Simplicity in a complex world. Is it even possible? Seemingly no, but thankfully yes. Yes, it is absolutely possible.

The grand opportunities our 21st century world offers us are vast, en masse and arguably infinite. And this surplus of options, choices and paths can become overwhelming if we’re unclear about what makes the day run smoothly, our hearts feel deeply and our lives feel full and ever allowing us to grow and evolve.

As a young girl, oddly enough, I was certain, without any explanation or reasoning than “I knew it had to be possible!” that if only I could figure out the basics of life to successfully get me through the day regarding what I was eating, how to answer the basic questions of school and friends and life in general that I could then just enjoy the present. Now, yes, this notion is full of an abundant amount of naiveté, but after reading Simple Rules: How to Thrive in a Complex World I may have stumbled onto something unknowingly way back in my pre-teen years.

Granted, I didn’t have the knowledge or the wherewithal to know the science behind eating well or even know who the heck I was in order to choose a path that would align with my curiosities and passions, but I felt that the absolutes we have to tend to each day could be simplified so that the living of life, the joy in the everyday could be savored all the more.

After all, who wouldn’t want more time to read a good book and not worry about being interrupted by a chore or sleep? Who wouldn’t want more time with loved ones losing all track of the minutes and hours, yet all the while having a peace of mind because you know the bills are paid, the weekly grocery shopping is done and the week will begin well because everything has been tended to? Who wouldn’t want more time to tinker on a new recipe, fiddle with a new project or plan your next trip to explore the world? Who wouldn’t want to eat delicious, fulfilling food without worrying about your waistline?

Such a way of living is possible, and it’s possible everyday of your life with simple rules.

What are the benefits of crafting and living by simple rules?

  • they enable you to make quick, reasonably accurate decisions that require less effort than more complicated approaches
  • you become more likely to act on your decisions because they are easy to remember
  • your willpower remains strong because you don’t deplete it hemming and hawing over decisions that can be made quickly and effectively for your life
  • require a minimum level of coordination while leaving ample room for individuals to pursue their own objectives. 

As the authors of Simple Rules points out in chapter one, the best-selling author on food and nutrition Michael Pollan in his book Food Rules: An Eater’s Manual coined his own simple rules regarding food: “Eat food.
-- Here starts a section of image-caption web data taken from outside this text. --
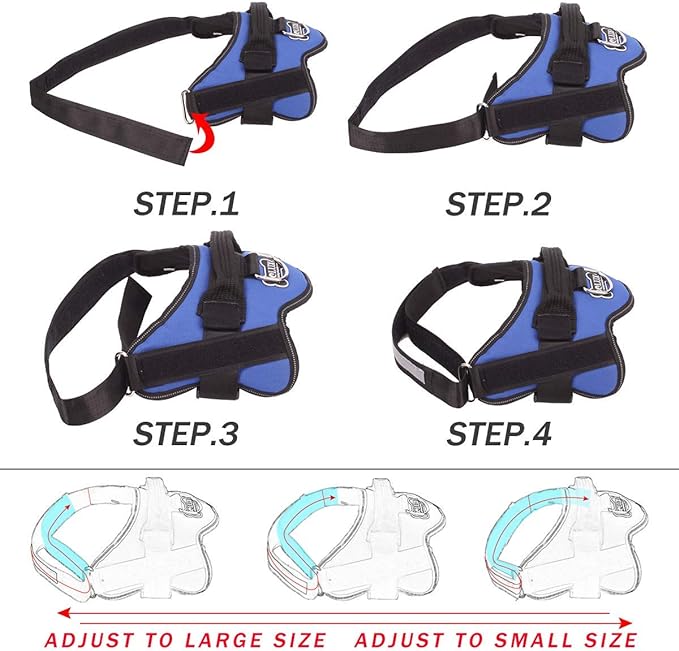 Bolux Dog Harness, No-Pull Reflective Dog Vest, Breathable Adjustable Pet Harness with Handle for Outdoor Walking - No More Pulling, Tugging or Choking (Blue, M) Bolux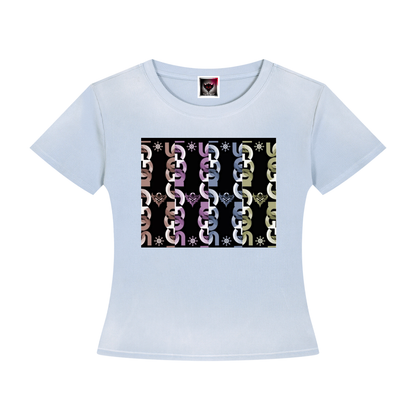Women’s "Colored UG Chain Pattern" Sunfade Washed T-Shirt
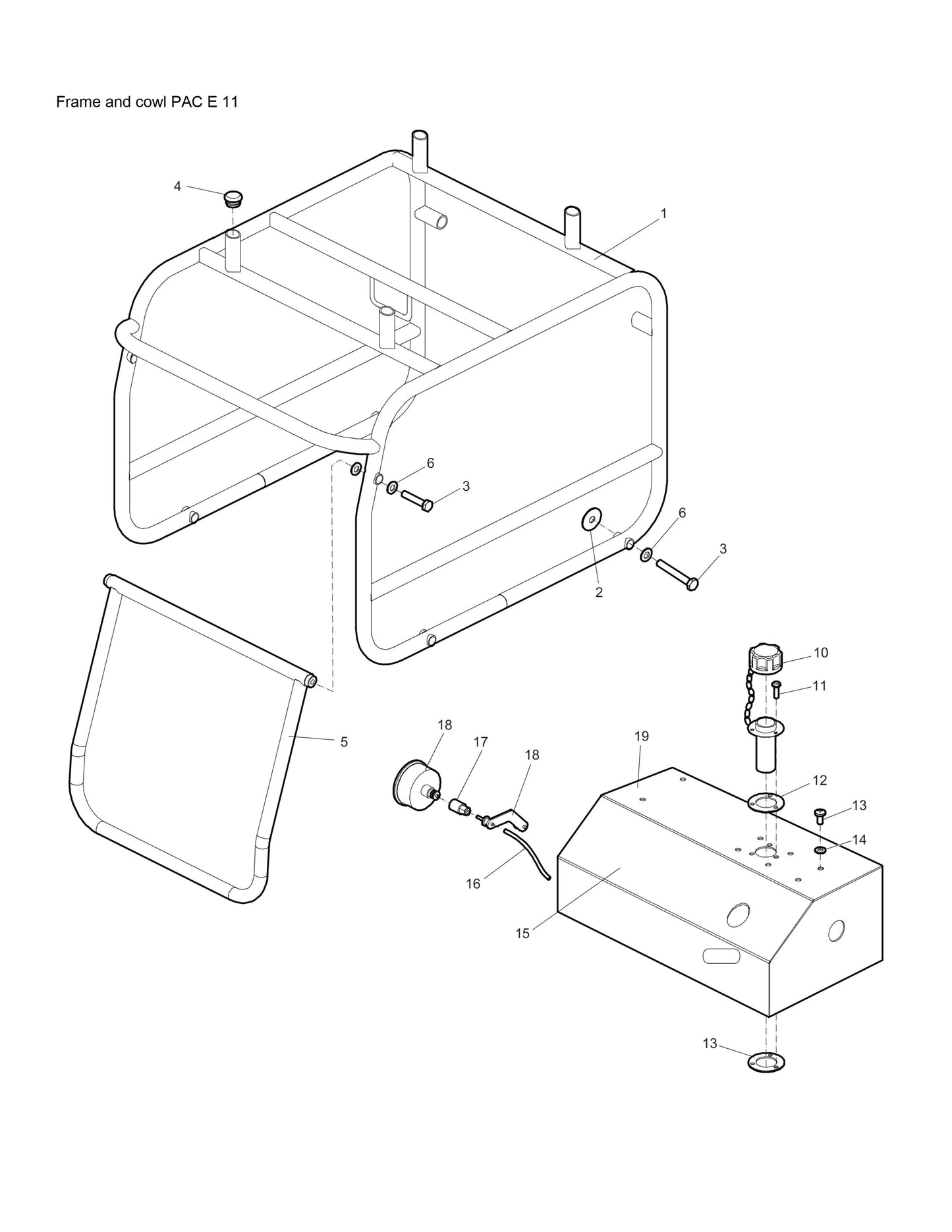 PAC E 11 Hydraulic Power pack Frame And Cowl Assembly Parts By Chicago Pneumatics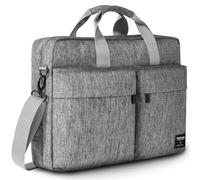 KINGSLONG 17-17.3 Inch Laptop Bag: Waterproof Business Computer Briefcase for Men & Women Double Layer Shoulder Messenger Bag with Detachable Strap Large Capacity Work Travel Office Carry Case-Grey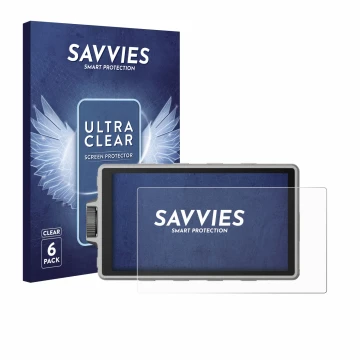 Face avant d’un emballage produit avec le logo de la marque Savvies. À côté, l’appareil DJI Ronin 4D est représenté avec la pr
Not too much. Mostly plants.” The reasons why simple rules work, such as his, are that “they give concrete guidance without being overly prescriptive” and “they leave room to exercise creativity and pursue unanticipated opportunities.”

Now, it’s important to note that simple rules will evolve as your life evolves. Some will remain basically the same, but some will only serve you well for a particular period in your life due to what roles you are inhabiting, what you are trying to accomplish, etc.

While there are many arenas in your life that you are probably already contemplating creating simple rules for, I thought I’d share with you six foundational areas of our lives and example simple rules in each to consider. Feel free to tweak, take or toss based on how you want to live and what you need in your life at the present moment.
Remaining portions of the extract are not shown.